• [MATERIAL PROVIDED]:

= = = = =

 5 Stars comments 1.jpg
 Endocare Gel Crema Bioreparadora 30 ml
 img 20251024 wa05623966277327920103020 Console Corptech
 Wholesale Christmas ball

= = = = =

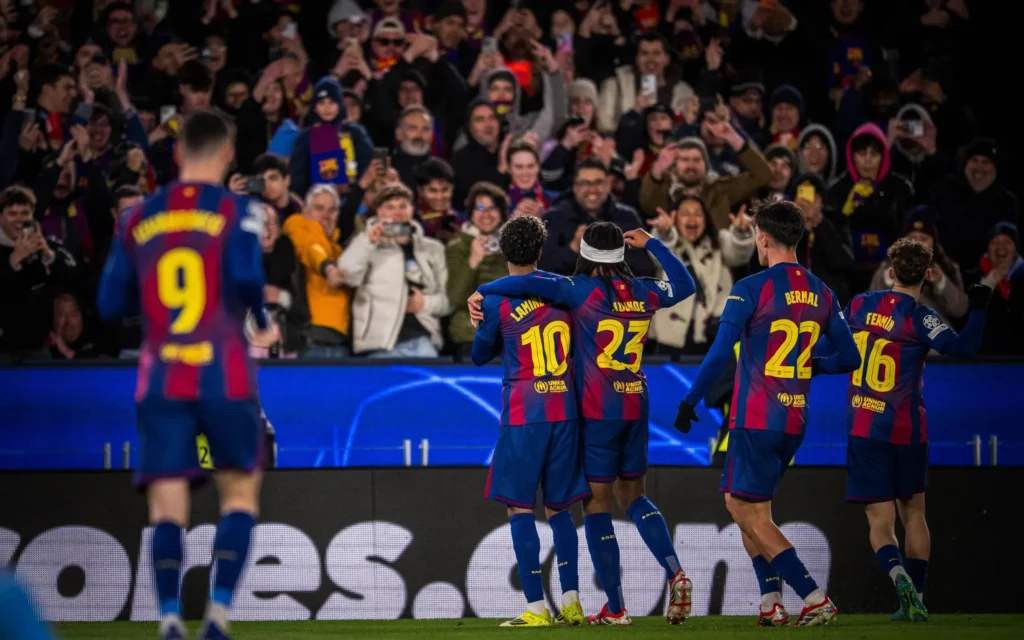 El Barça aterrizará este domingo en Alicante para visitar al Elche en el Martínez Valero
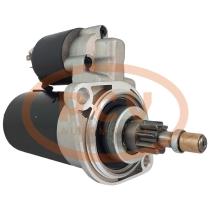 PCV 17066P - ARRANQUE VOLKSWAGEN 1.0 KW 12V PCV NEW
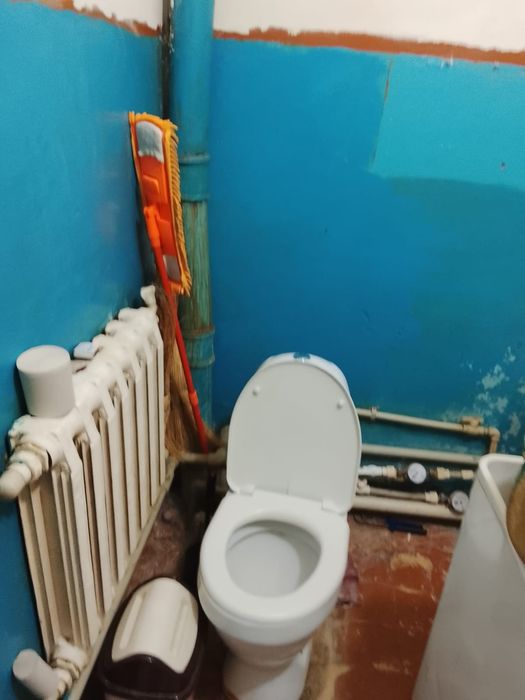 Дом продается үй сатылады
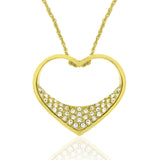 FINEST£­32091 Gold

= = = = =

• [REQUIREMENT]: Return word for word the lines of the listing above, starting at the line with "El Barça aterrizará" and ending at the line with "FINEST£­32091 Gold", both included. Pictures do not belong in the copy.

• [PROBLEM SOLUTION]:
 El Barça aterrizará este domingo en Alicante para visitar al Elche en el Martínez Valero
 PCV 17066P - ARRANQUE VOLKSWAGEN 1.0 KW 12V PCV NEW
 Дом продается үй сатылады
 FINEST£­32091 Gold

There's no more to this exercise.